The type of case filed by the drivers is referred to as a hybrid suit because it is comprised of two causes of action that are "inextricably interdependent." See DelCostello v. Int'l Bhd. of Teamsters, 462 U.S. 151, 164-65 (1983). To prevail, "[a]n employee must establish that the union breached its duty of fair representation to maintain an actionable sec. 301 claim against the employer." Filippo v. Northern Ind. Pub. Serv. Corp. Inc., 141 F.3d 744, 748 (7th Cir. 1998); see McKelvin v. E.J. Brach Corp., 124 F.3d 864, 869 (7th Cir. 1997). "A union breaches its duty to fairly represent its members where its conduct toward one of its members is 'arbitrary, discriminatory, or in bad faith.'" Crider v. Spectrulite Consortium, Inc., 130 F.3d 1238, 1243 (7th Cir. 1997) (quoting Vaca v. Sipes, 386 U.S. 171, 190 (1967)); see Marquez, 525 U.S. at 44. The drivers' sole argument is that the union acted arbitrarily in how it conducted the audit.1 We examine the objective adequacy of the union's actions in determining whether they were arbitrary. See Trnka v. Local Union No. 688, 30 F.3d 60, 63 (7th Cir. 1994).
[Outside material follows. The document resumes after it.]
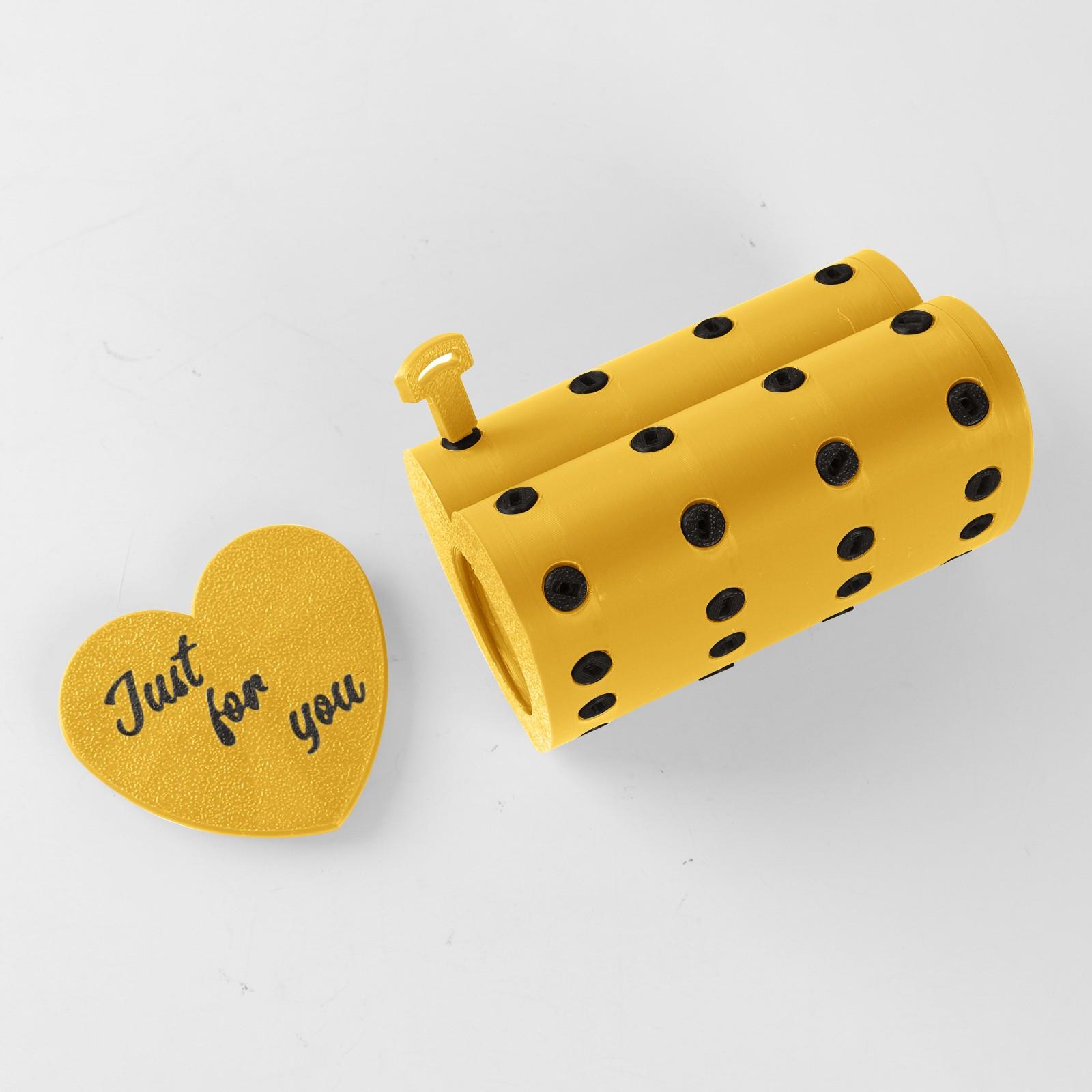 

Раздражающая подарочная коробка 3D Раздражающая подарочная коробка с винтами Забавная подарочная коробка Веселая коробка для вечеринки Оригинальная настольная подарочная коробка Украшения для детей и возлюбленных One Size жёлтый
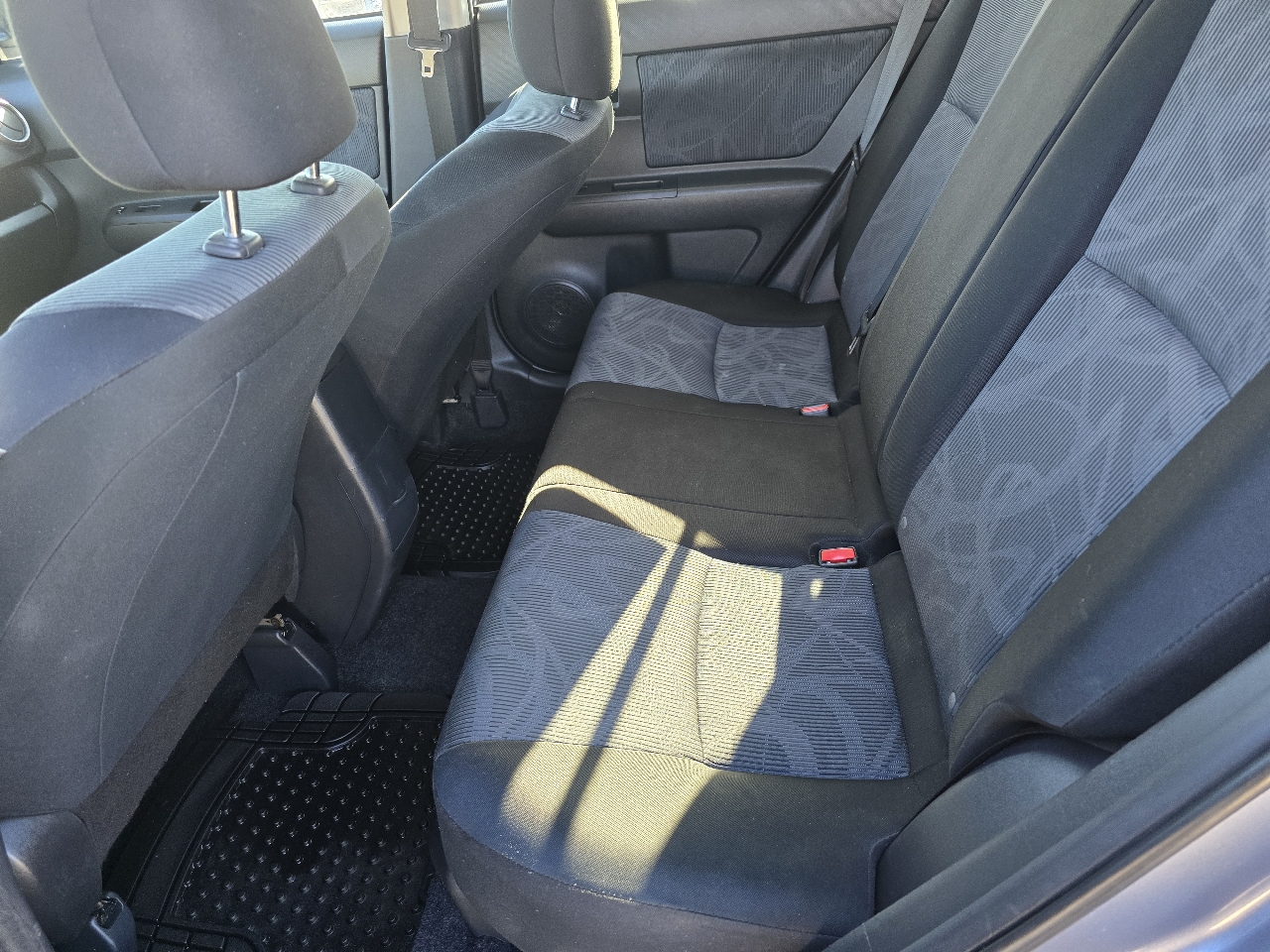 Scion xB 5-Door Wagon 4-Spd AT 2012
"The doctrine of fair representation is an important check on the arbitrary exercise of union power, but it is a purposefully limited check . . . ." United Steelworkers of Am. v. Rawson, 495 U.S. 362, 374 (1990). "[T]he test for determining whether particular conduct is arbitrary can be quite forgiving." Garcia, 58 F.3d at 1176. "[A] union's actions are arbitrary only if, in...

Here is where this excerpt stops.